=== RECORDS FOR THE EXERCISE ===
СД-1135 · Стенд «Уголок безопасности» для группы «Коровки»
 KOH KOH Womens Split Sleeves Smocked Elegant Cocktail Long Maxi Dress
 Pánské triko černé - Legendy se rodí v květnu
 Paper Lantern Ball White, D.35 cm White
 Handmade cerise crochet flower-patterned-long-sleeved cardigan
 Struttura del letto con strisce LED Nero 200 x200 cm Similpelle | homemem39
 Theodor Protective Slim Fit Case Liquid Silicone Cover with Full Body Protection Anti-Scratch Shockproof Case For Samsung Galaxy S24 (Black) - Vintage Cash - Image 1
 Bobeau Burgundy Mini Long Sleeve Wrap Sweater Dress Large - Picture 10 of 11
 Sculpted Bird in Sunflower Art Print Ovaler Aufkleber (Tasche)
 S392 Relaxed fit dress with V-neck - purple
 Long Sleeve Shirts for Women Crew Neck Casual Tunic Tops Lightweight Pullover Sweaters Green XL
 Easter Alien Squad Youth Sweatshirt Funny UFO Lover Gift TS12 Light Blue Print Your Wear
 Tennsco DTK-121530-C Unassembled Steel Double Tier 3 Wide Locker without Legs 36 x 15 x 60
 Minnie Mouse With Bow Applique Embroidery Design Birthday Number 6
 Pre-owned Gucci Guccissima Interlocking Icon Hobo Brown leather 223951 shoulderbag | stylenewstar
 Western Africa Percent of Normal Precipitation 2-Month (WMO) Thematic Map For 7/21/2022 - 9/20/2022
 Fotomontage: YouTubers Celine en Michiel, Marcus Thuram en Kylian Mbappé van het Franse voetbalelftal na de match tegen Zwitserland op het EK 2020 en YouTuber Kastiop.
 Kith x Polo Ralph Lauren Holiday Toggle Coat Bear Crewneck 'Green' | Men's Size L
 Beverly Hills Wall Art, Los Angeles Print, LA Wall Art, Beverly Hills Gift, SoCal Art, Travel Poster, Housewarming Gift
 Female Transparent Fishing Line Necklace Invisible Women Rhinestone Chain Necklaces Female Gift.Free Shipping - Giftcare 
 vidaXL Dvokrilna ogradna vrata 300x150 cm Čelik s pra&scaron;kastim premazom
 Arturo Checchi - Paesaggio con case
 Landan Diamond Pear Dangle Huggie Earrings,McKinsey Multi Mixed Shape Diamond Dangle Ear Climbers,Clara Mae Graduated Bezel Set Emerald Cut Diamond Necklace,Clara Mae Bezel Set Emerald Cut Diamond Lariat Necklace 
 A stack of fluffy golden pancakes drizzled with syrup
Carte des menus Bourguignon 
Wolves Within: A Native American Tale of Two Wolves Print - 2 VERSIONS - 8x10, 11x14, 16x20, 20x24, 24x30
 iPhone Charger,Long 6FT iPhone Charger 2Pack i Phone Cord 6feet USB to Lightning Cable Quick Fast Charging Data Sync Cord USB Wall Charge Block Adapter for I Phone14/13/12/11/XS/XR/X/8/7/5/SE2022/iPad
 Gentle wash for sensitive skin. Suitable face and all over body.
===
**TRY IT**.
Write the entries above out again, verbatim.

**WRITTEN REPLY**.
СД-1135 · Стенд «Уголок безопасности» для группы «Коровки»
 KOH KOH Womens Split Sleeves Smocked Elegant Cocktail Long Maxi Dress
 Pánské triko černé - Legendy se rodí v květnu
 Paper Lantern Ball White, D.35 cm White
 Handmade cerise crochet flower-patterned-long-sleeved cardigan
 Struttura del letto con strisce LED Nero 200 x200 cm Similpelle | homemem39
 Theodor Protective Slim Fit Case Liquid Silicone Cover with Full Body Protection Anti-Scratch Shockproof Case For Samsung Galaxy S24 (Black) - Vintage Cash - Image 1
 Bobeau Burgundy Mini Long Sleeve Wrap Sweater Dress Large - Picture 10 of 11
 Sculpted Bird in Sunflower Art Print Ovaler Aufkleber (Tasche)
 S392 Relaxed fit dress with V-neck - purple
 Long Sleeve Shirts for Women Crew Neck Casual Tunic Tops Lightweight Pullover Sweaters Green XL
 Easter Alien Squad Youth Sweatshirt Funny UFO Lover Gift TS12 Light Blue Print Your Wear
 Tennsco DTK-121530-C Unassembled Steel Double Tier 3 Wide Locker without Legs 36 x 15 x 60
 Minnie Mouse With Bow Applique Embroidery Design Birthday Number 6
 Pre-owned Gucci Guccissima Interlocking Icon Hobo Brown leather 223951 shoulderbag | stylenewstar
 Western Africa Percent of Normal Precipitation 2-Month (WMO) Thematic Map For 7/21/2022 - 9/20/2022
 Fotomontage: YouTubers Celine en Michiel, Marcus Thuram en Kylian Mbappé van het Franse voetbalelftal na de match tegen Zwitserland op het EK 2020 en YouTuber Kastiop.
 Kith x Polo Ralph Lauren Holiday Toggle Coat Bear Crewneck 'Green' | Men's Size L
 Beverly Hills Wall Art, Los Angeles Print, LA Wall Art, Beverly Hills Gift, SoCal Art, Travel Poster, Housewarming Gift
 Female Transparent Fishing Line Necklace Invisible Women Rhinestone Chain Necklaces Female Gift.Free Shipping - Giftcare 
 vidaXL Dvokrilna ogradna vrata 300x150 cm Čelik s pra&scaron;kastim premazom
 Arturo Checchi - Paesaggio con case
 Landan Diamond Pear Dangle Huggie Earrings,McKinsey Multi Mixed Shape Diamond Dangle Ear Climbers,Clara Mae Graduated Bezel Set Emerald Cut Diamond Necklace,Clara Mae Bezel Set Emerald Cut Diamond Lariat Necklace 
 A stack of fluffy golden pancakes drizzled with syrup
Carte des menus Bourguignon 
Wolves Within: A Native American Tale of Two Wolves Print - 2 VERSIONS - 8x10, 11x14, 16x20, 20x24, 24x30
 iPhone Charger,Long 6FT iPhone Charger 2Pack i Phone Cord 6feet USB to Lightning Cable Quick Fast Charging Data Sync Cord USB Wall Charge Block Adapter for I Phone14/13/12/11/XS/XR/X/8/7/5/SE2022/iPad
 Gentle wash for sensitive skin. Suitable face and all over body.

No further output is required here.